WASHINGTON — Another breakdown in radio protocols and a failure to properly establish needed worker protections were two of the key causes of a dramatic near-miss last week when a Metro train almost ran over two federal safety inspectors.

Metro’s Chief Safety Officer Pat Lavin said two Federal Transit Administration inspectors and a Metro employee were in a curved stretch of track last Thursday, with another Metro worker serving as a basic watchman about 100 feet away. He said there should have been a higher level of worker protection.

A train came speeding through the area near Reagan National Airport because the train operator had misheard a radio announcement about where the work crews were, Lavin said. The rail controller in the troubled Rail Operations Control Center failed to correct the operator when he repeated back the wrong information.

It is just the latest time a radio usage problem has caused a near miss.

The train operator failed to sound the horn and appears to have been traveling well over the 10 mph speed limit that is supposed to be followed when passing workers.

After the watchman waved at the train, and the inspectors just barely jumped out of the way, the train finally stopped with the front car about 375 feet past the workers.

The back car of the train was about even with where the inspectors were standing.

While the workers immediately reported the incident, the train operator violated procedures and simply continued on after seeing that no one was hurt.

A different train operator who had sped past the work crews on the opposite track before this more serious incident was properly taken out of service for investigation.

Lavin said the requirement that trains stay below 10 mph until the whole train passes work crews “does not appear to be fully understood in the field.”

He added that turning around the Rail Operations Control Center is “a challenge.”

Metro has just concluded an outside review of potential improvements, which Lavin indicated could include reducing the number of duties each rail controller is responsible for to allow for better focus.

“We cannot guarantee anybody’s safety if the basic rules and procedures are not followed,” Federal Railroad Administration Chief Safety Officer and Metro Board member Robert Lauby said Thursday.
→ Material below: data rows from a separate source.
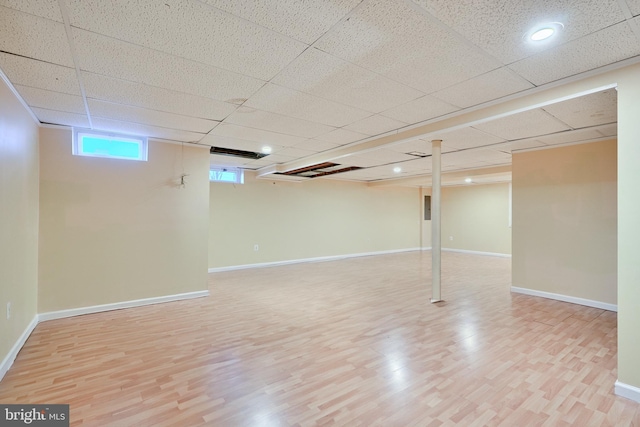 basement with a paneled ceiling and light wood-type flooring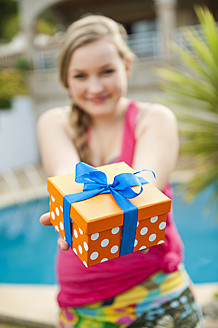 Spanien, Mallorca, Teenager-Mädchen hält Geschenkbox, lächelnd, Porträt - MFPF000043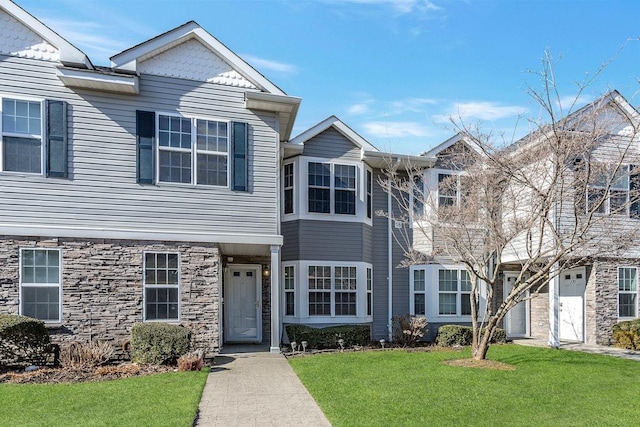 view of front of property with stone siding and a front yard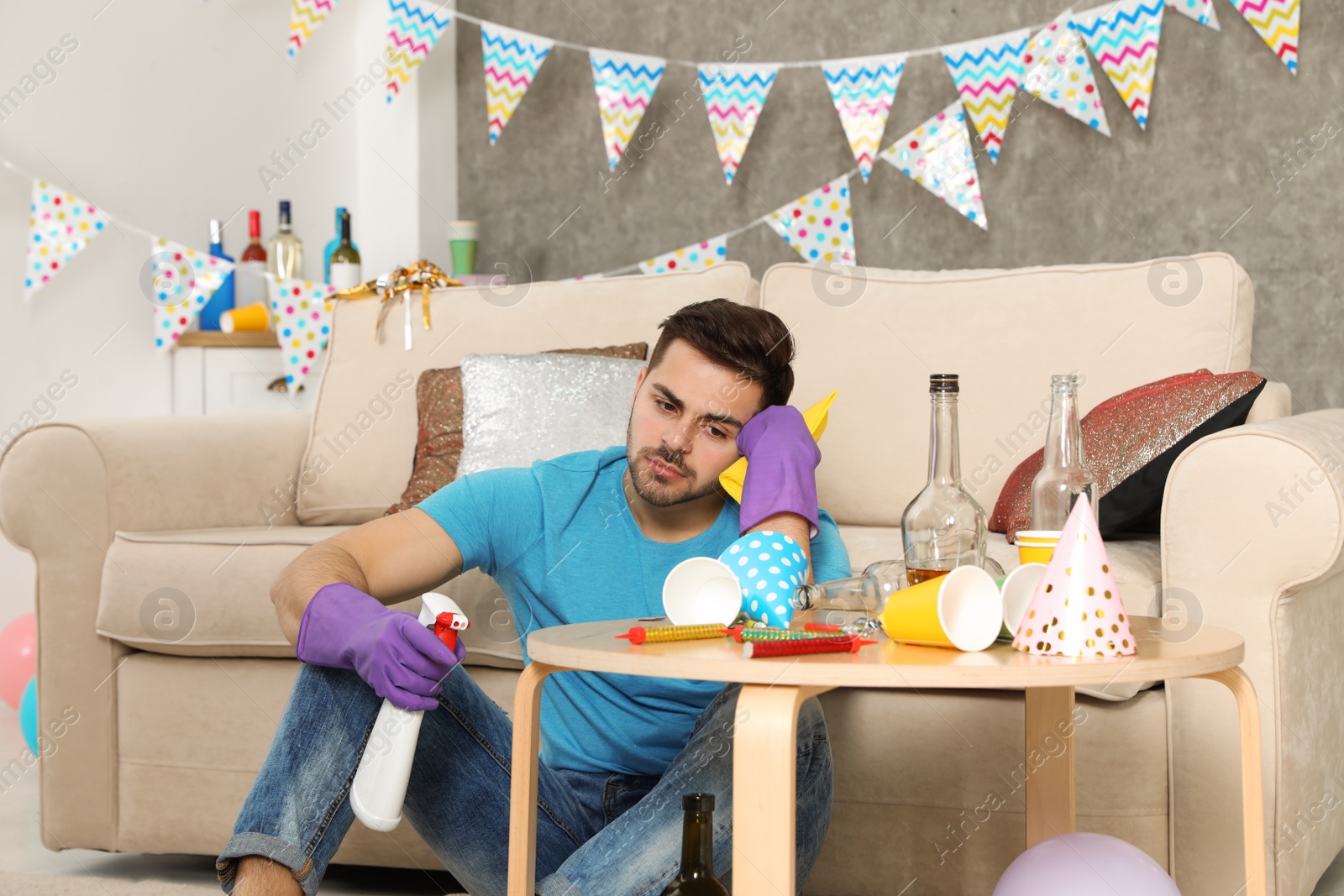 Photo of Tired young man with bottle of detergent and rag in messy room after party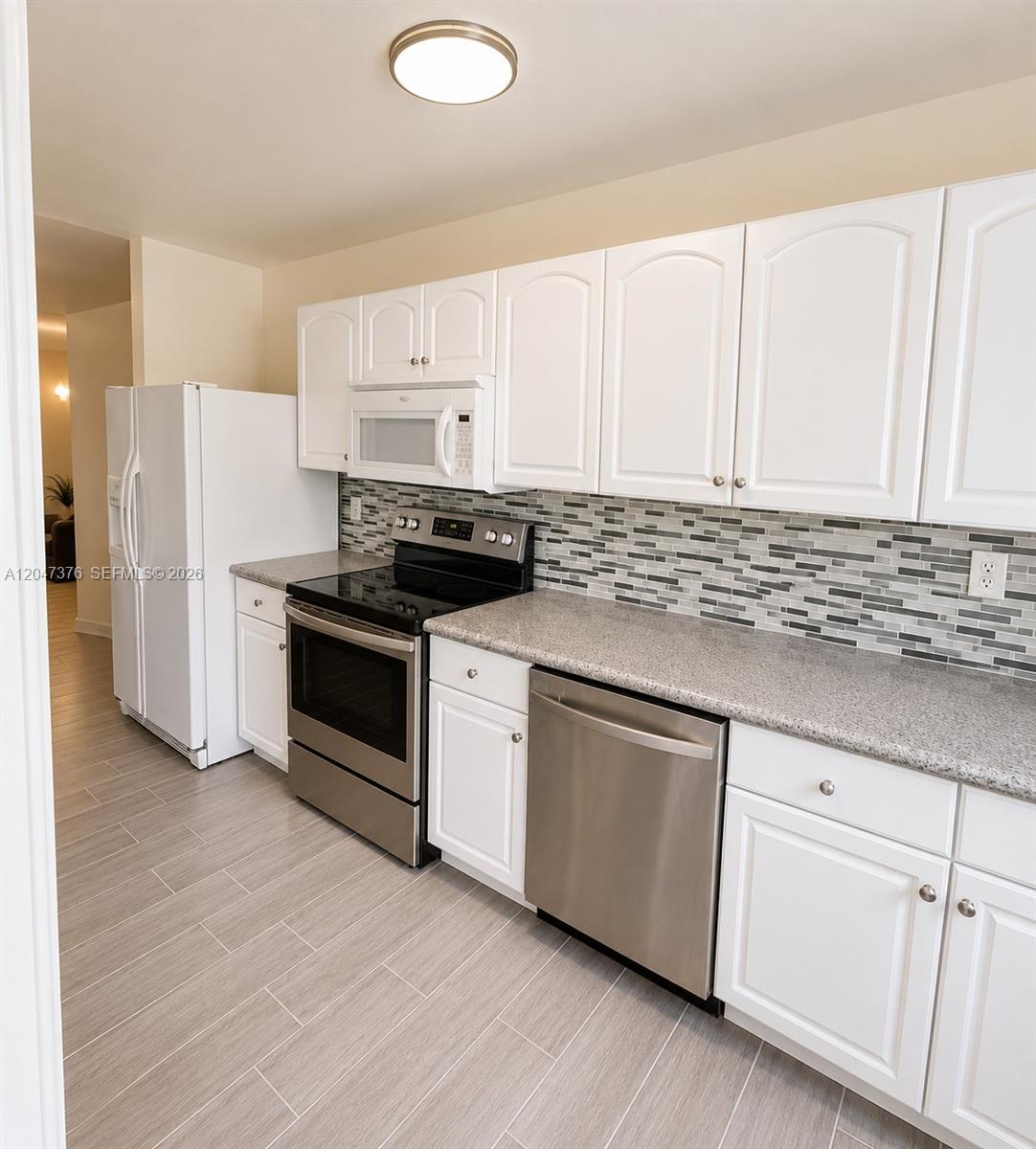 A kitchen features white cabinets, stainless steel appliances, granite countertops, and a gray tile backsplash — 270 E Layne Blvd # 110, Hallandale Beach FL 33009, HALLANDALE BEACH, FL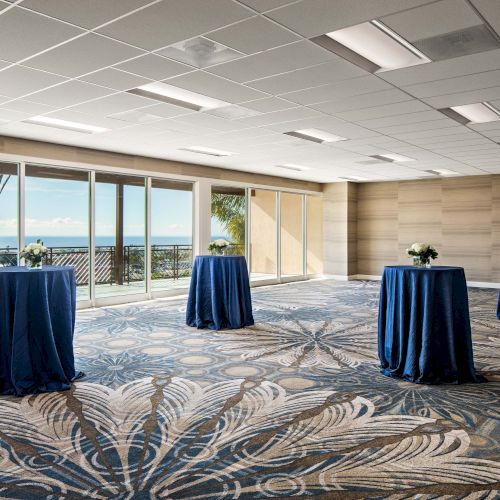 A bright event space with large windows, ocean view, and several tall round tables draped in blue tablecloths, ready for mingling.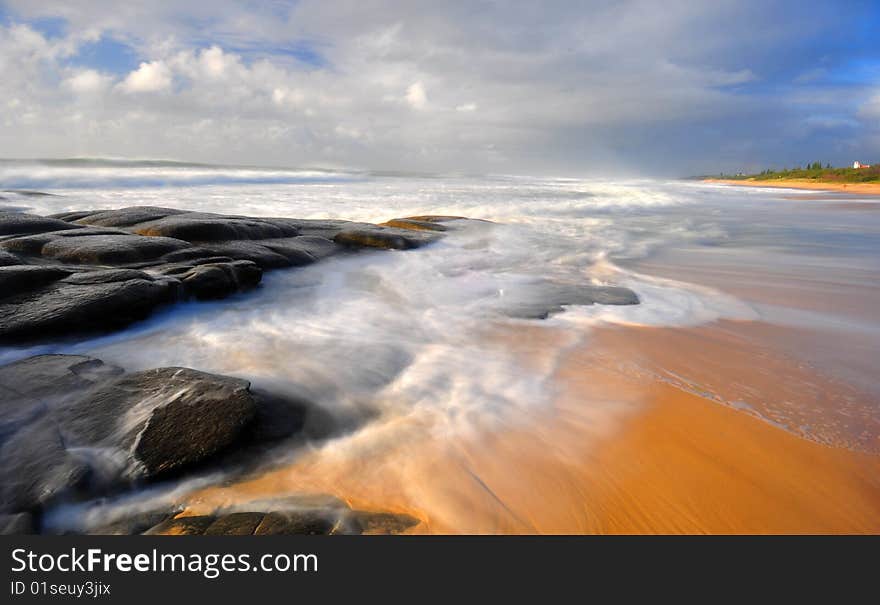 Early morning at the beach with flowing water. Early morning at the beach with flowing water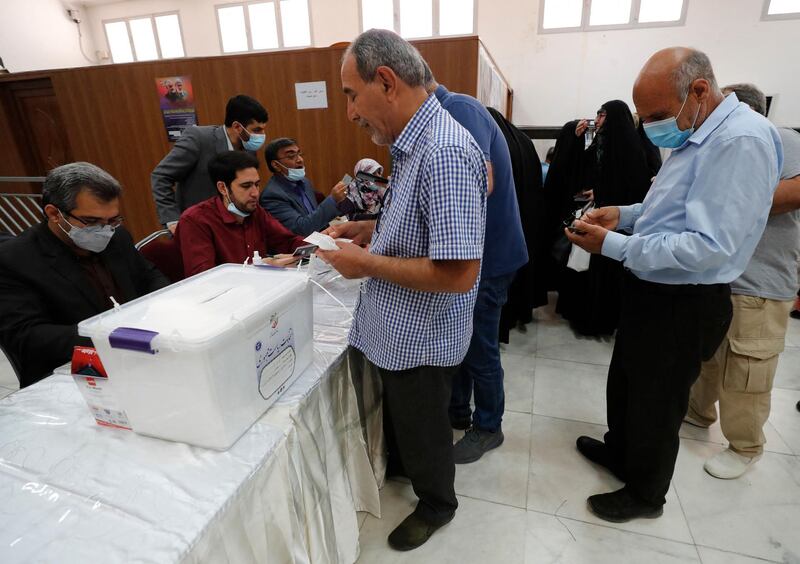 Iranian men register to vote during the presidential election in their country, at a polling station inside the Iranian embassy in the Iraqi capital Baghdad. AFP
“This could have been a tragedy, and we could be having a very different type of meeting today,” he said.

Metro plans to start rules-compliance checks for speeding in mid-November. The Rail Operations Control Center is also now asking more safety-related questions before granting track access to workers, and automated speed limits have been imposed on the specific curve involved in this incident.

Metro management is sending a safety alert about blind spots for track workers in the system, and plans a safety “stand-down” to address proper worker protections in those areas, remind workers that they can challenge supervisors about safety issues, emphasize speed limits near workers, and emphasize the requirement to report near misses.

Federal inspectors will also get higher-level worker protection training.

“We can put some more requirements on top of the existing requirements, but, frankly, if the existing requirements had been followed, we wouldn’t have had this issue,” Lauby said.

Lavin, the chief safety officer, said Metro leaders recently met with union leaders “to foster a better safety culture, and get employee buy-in regarding safety-related matters.”

Several union members say there is a climate of distrust between top Metro management and front-line workers.